Дневник заканчивался этим словом.
Убийца.
Он прочел его еще раз и закрыл тетрадь.
54
23 августа 2016
10:30
Клотильда уже приходила сюда ночью.
Но тогда ее вел Орсю.
Она понятия не имела, как найти пастушью хижину при свете дня. Приметы были расплывчатые: миновать реку, вскарабкаться по крутому склону, пересечь бесконечную гаригу
[182].
Она бросила машину у подножия тропы, ведущей к Casa di Stella, в том самом месте, где в полночь ждала Орсю. Столичные сыщики остались в жандармерии.
Campa sempre.
Клотильда ничего больше не добилась от Орсю, но узнала главное. Ее мать жива!
Двадцать семь лет назад Пальма погибла у нее на глазах, но странный брат подтвердил то, в чем она уверилась, вернувшись на Корсику, то, что всегда знала.
Мама жива.
Мама ждет ее.
В хижине.
Клотильда влезла на холмик, с которого был виден двор овчарни в Арканю, и замерла.
…Задержись на несколько минут под зеленым дубом. – до наступления темноты.
Я увижу тебя и, надеюсь, узнаю.
Пальма скрытно наблюдала за дочерью и теперь где-то прячется – на горе́ или в зарослях дрока и вереска, доходящих человеку до пояса. Очень удобно: ты следишь, а тебя не видят, подслушиваешь, а тебя не слышат, шпионишь – и остаешься вне подозрений. Глупо, но Клотильда вообразила, что, оказавшись на месте, вспомнит форму валуна, изгиб ствола, колючую ветку шиповника, узнает ночные тени, найдет указатели. Увы… Невозможно сориентироваться в лабиринте каштанов и дубов, окруженных земляничником. Голова кружилась от ароматов бескрайней маккии.
Клотильда готова была сдаться, вернуться в Кальви и попытаться улестить инспекторов из Аяччо, чтобы те отпустили Орсю под ее поручительство. Глупейшая из иллюзий!
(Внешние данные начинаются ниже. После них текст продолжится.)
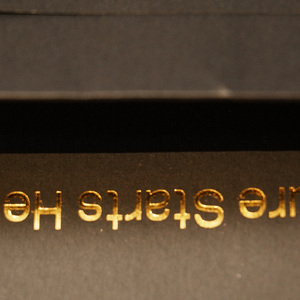 Sacs en papier alimentaire personnalisés imprimés sur toute la surface, en carton noir de haute qualité, laminés avec film doré, gaufrés/découpés, fournis directement par l'usine - Product Image 3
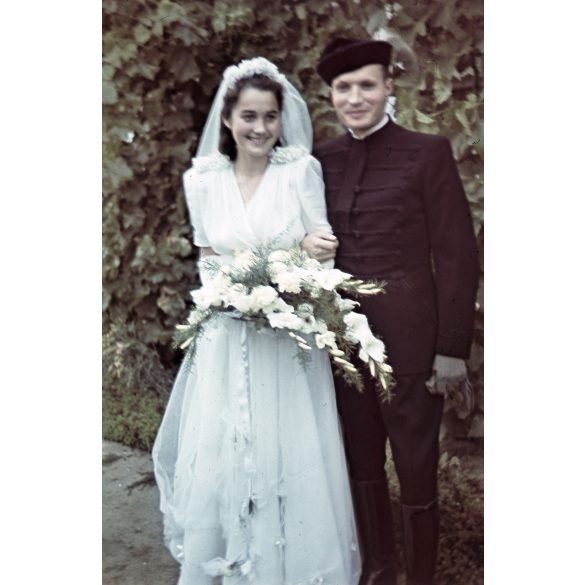 Hajdu Anna (jelmeztervező, grafikus ) és Kovács Péter  (néprajzkutató)  esküvője, Tiszacsege, menyasszony, vőlegény, 1942, 1940-es évek, Hajdu-Bihar megye, Horthy-korszak, Eredeti AGFACOLOR színes dia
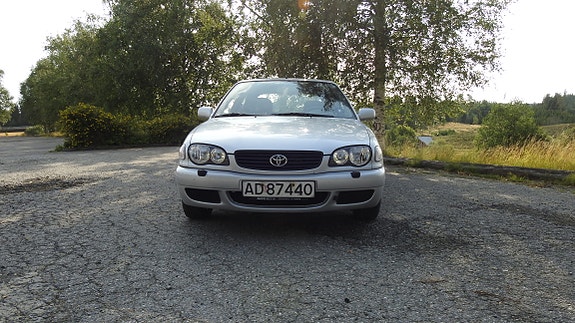 Toyota Corolla 2 of 12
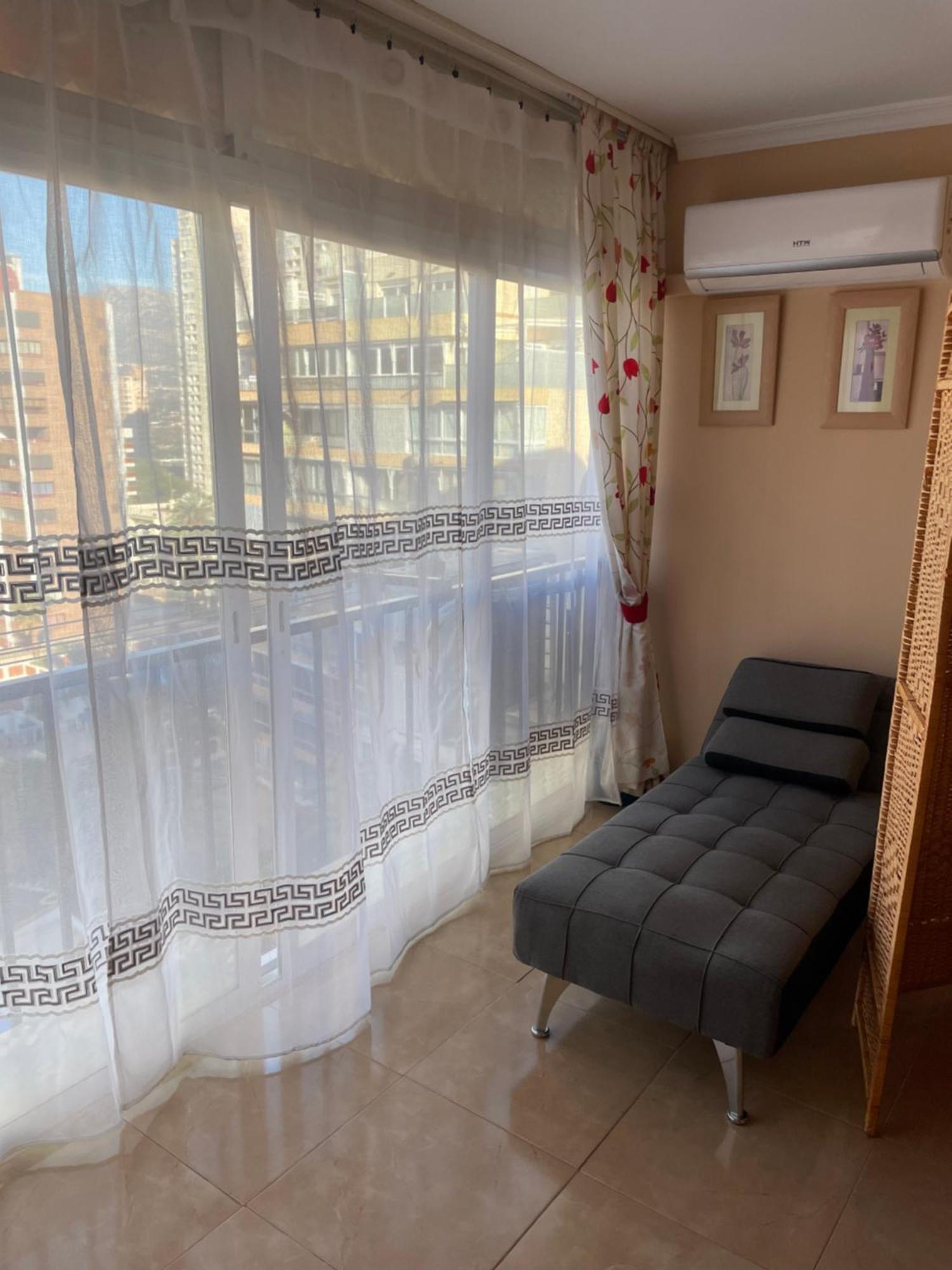 Bermudas-Turis Apartamentos Benidorm Eksteriør billede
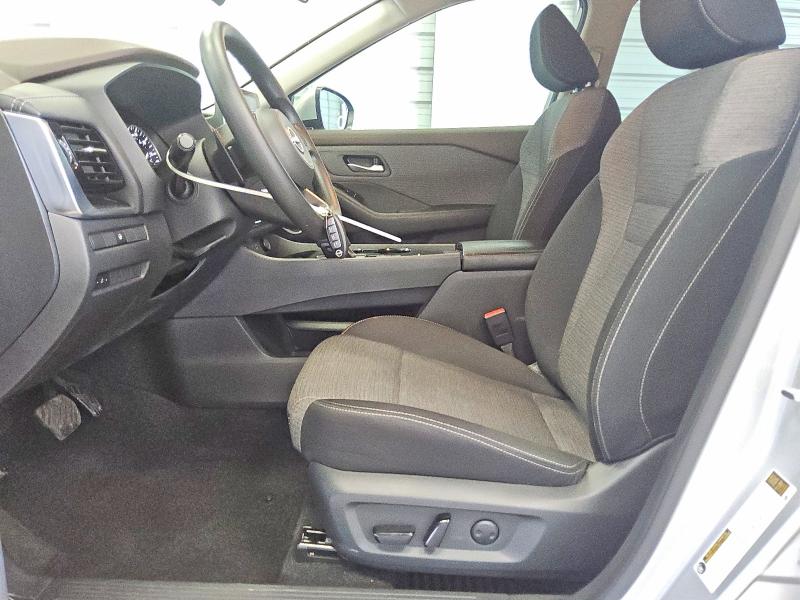 57057756 :رقم المزاد ، 5N1BT3BA7NC723157 vin ، 2022 Nissan Rogue مزاد بيع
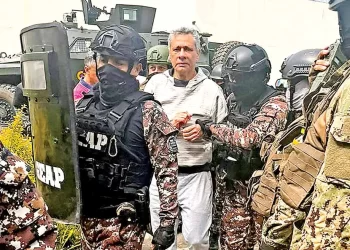 Condenan irrupción en la embajada mexicana; López Obrador agradece apoyo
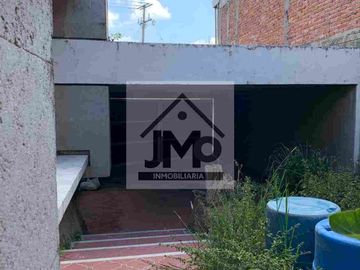 VENTA DE CASA DE UNA PLANTA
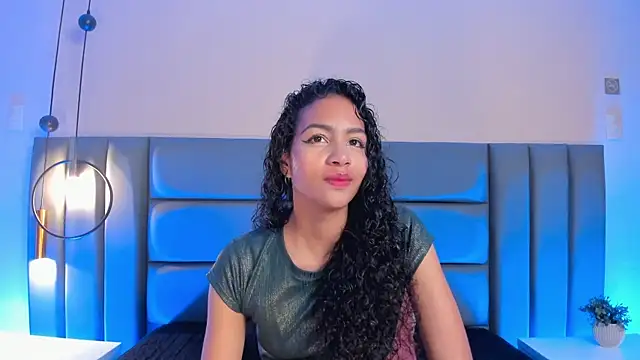 Snapshot of AntonellaHall_ chatting on March 17, 2025, 6:21 pm AntonellaHall online show from March 17, 2025, 6:21 pm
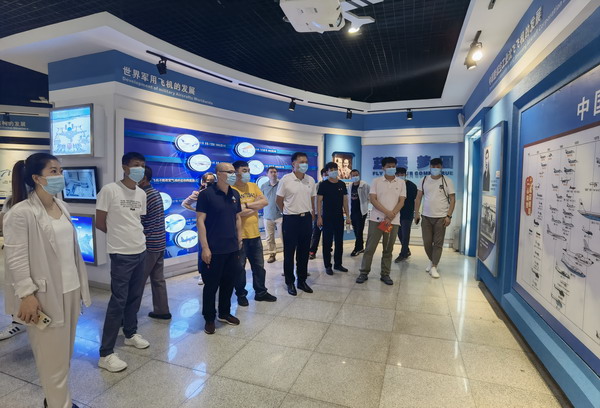 鷹擊長(zhǎng)空 譜寫(xiě)改革新篇——省建科院第一、二黨支部慶建黨百年參觀沈飛航空博覽園(圖2)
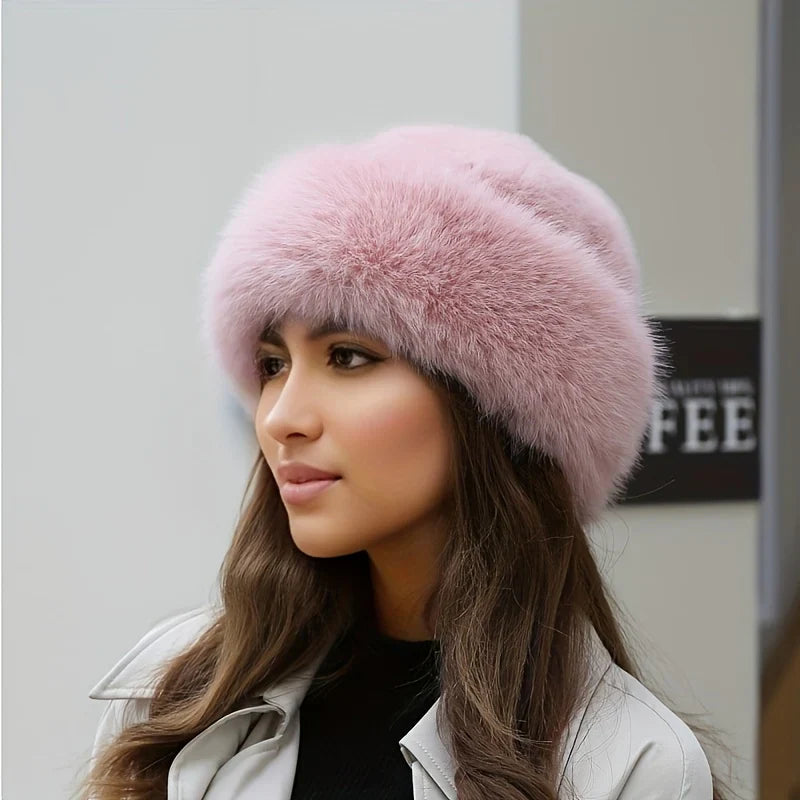 Chapeau d'hiver élégant en fausse fourrure pour femme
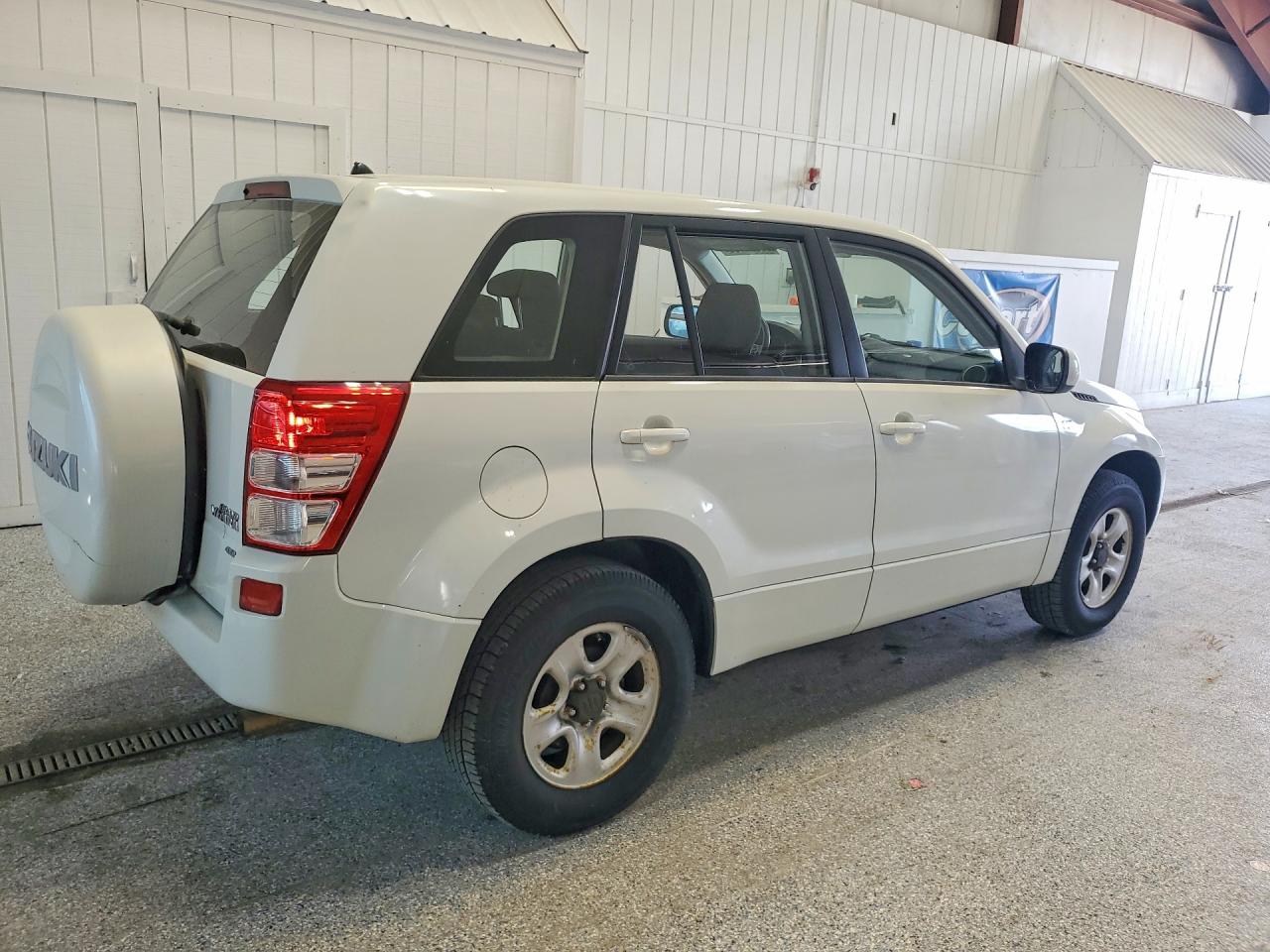 2008 Suzuki Grand Vitara White vin: JS3TD941584102585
Он арестован по подозрению в убийстве, понадобятся недели, чтобы судья распорядился провести реконструкцию преступления.
И тут она увидела.
Пятно. Пурпурное пятно между ягодами земляничника.
Капля крови.
Еще одна – метром дальше, на сухой земле. Третья нашлась на стволе кедра. Можно подумать, у Мальчика-с-Пальчик кончились белые камешки и он вскрыл себе вены.
Хотел указать ей дорогу?
Клотильда пошла по окровавленной тропинке, в очередной раз почувствовав себя полной дурой. След мог оставить раненый зверь – лисица, кабан или олень. Она дотронулась пальцем до пятна и поняла, что кровь свежая.
«Что еще ты себе напридумывала? Что за несколько минут до тебя к хижине направился незнакомец? Что он ранен, истекает кровью и все равно пытается тебя опередить? Бессмыслица какая-то…» Но здесь точно кто-то шел – листва примята, ветки сломаны.